I am behind on replying to comments and/or emails so if you have commented and/or emailed me, I’m not ignoring you, I’m just lazy busy!
I do enjoy the contact though, I really do! This way when Adam asks me what I am doing, I get to say “Replying to an email from a reader, get it yourself.” (because guaranteed if he is making conversation at 11:15 at night while we are both staked out in our little media nests he is asking me to get him something.)
We got a car recently, which is terribly exciting. We’ve done without/begged and borrowed the cars of others since our feisty little Mazda 3 died in a blazing hellfire less than a week before we were about to move. Remember that? Good times.
Why did it die? Well, friends, the answer to that question has since become the topic of much family folklore. You see, the official answer is that technically the car ran out of oil.
Look, yes I was the primary driver of the car and I was the one responsible for maintaining the car and YES I will readily admit that for the first six months we owned the car I was operating under the mistaken belief that it was not necessary to change the oil in one’s car until the oil light came on (not at all the case incidentally, FYI!) but the car dying it’s final death was NOT MY FAULT.

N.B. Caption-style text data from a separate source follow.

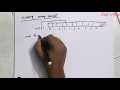 Arrays Declaring an array initialization of an array C programming in telugu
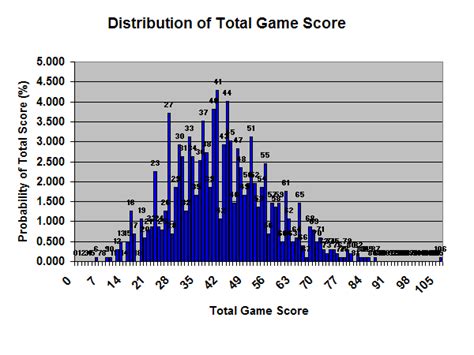 NFL Statistics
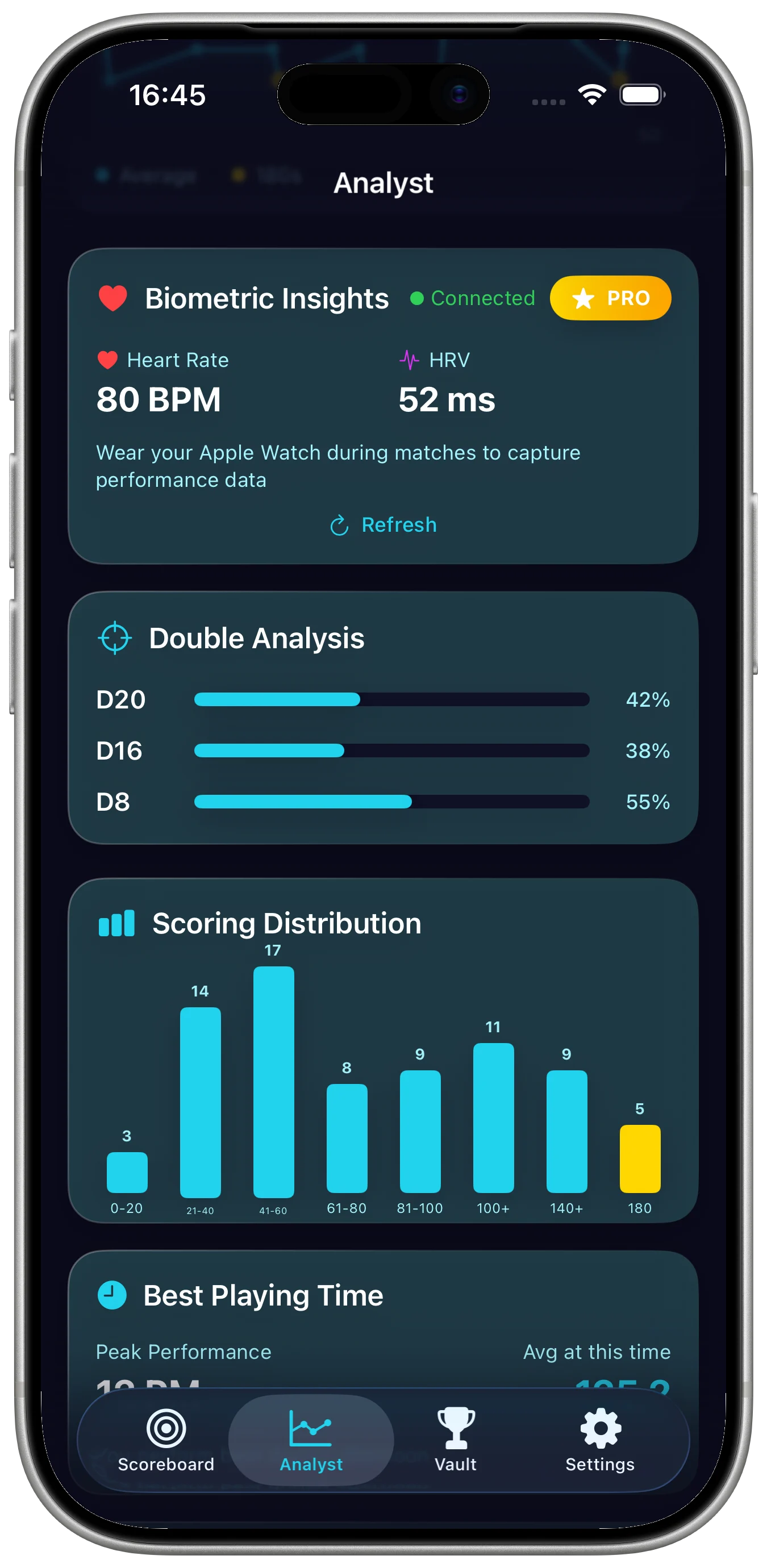 Precision Darts Scoreboard scoring keypad screen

I have repeated this every time the story comes up, and I will continue to repeat it until I die, surrounded by books and salsa con queso at the ripe old age of ninety-six.
Yes I was a bit clueless when we first bought this car, I was 23 years old, a wee slip of a thing who knew nothing about cars or men or the right way to serve cherry tomatoes to a toddler (whole, for optimal choking hazard. Cutting them in half ruins them, apparently.)

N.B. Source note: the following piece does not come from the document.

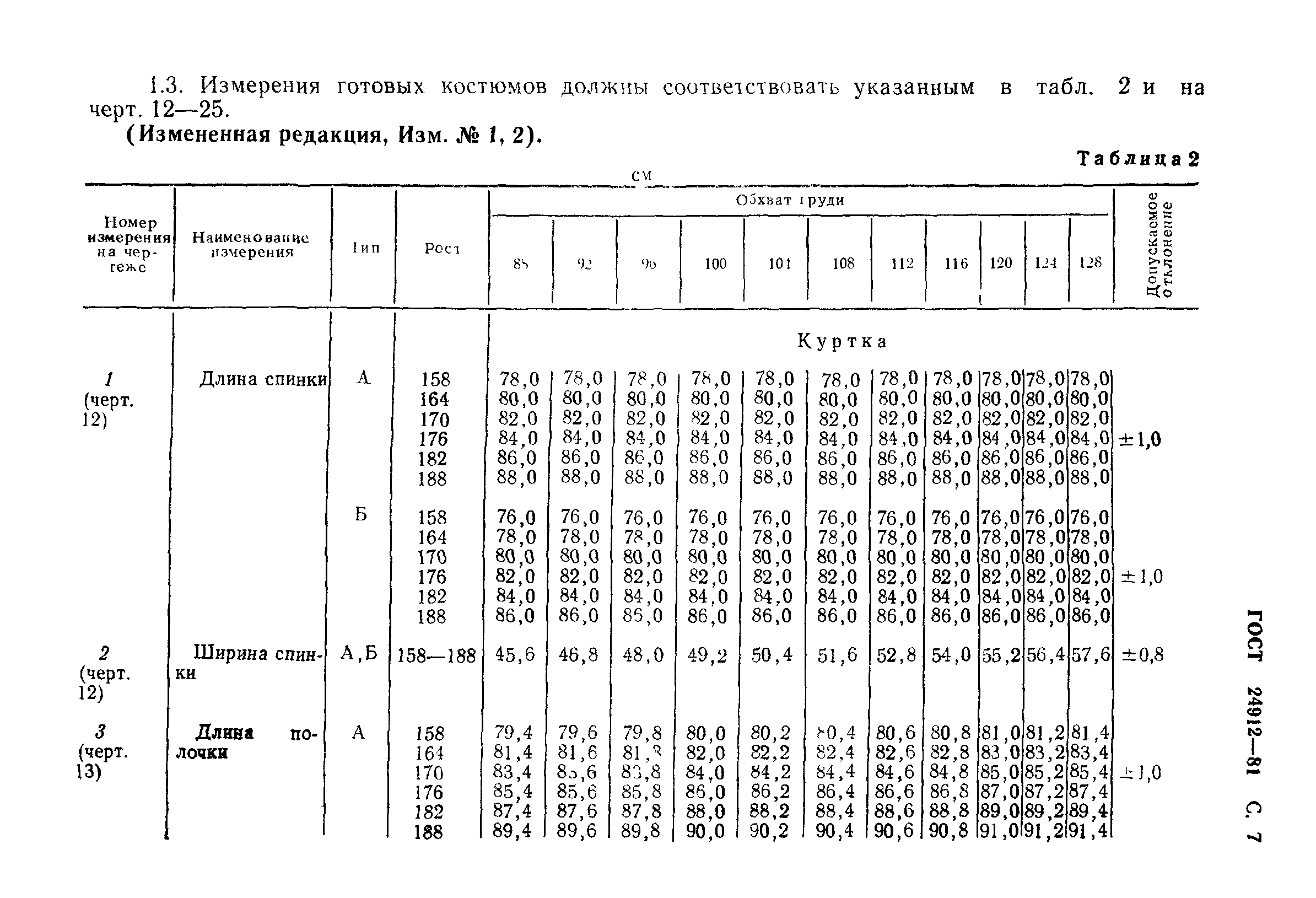 ГОСТ 24912-81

Quickly I learned the ways of the world and I had all scheduled services done on time at fine establishments like “Canadian Tire”, and this time – the last time- was no different! We were hundreds of kilometres away from the next scheduled oil change as specified on the official little sticker they put on the inside of your windshield and really if we are living in a world where you can’t even trust that damned sticker anymore then we’re all screwed.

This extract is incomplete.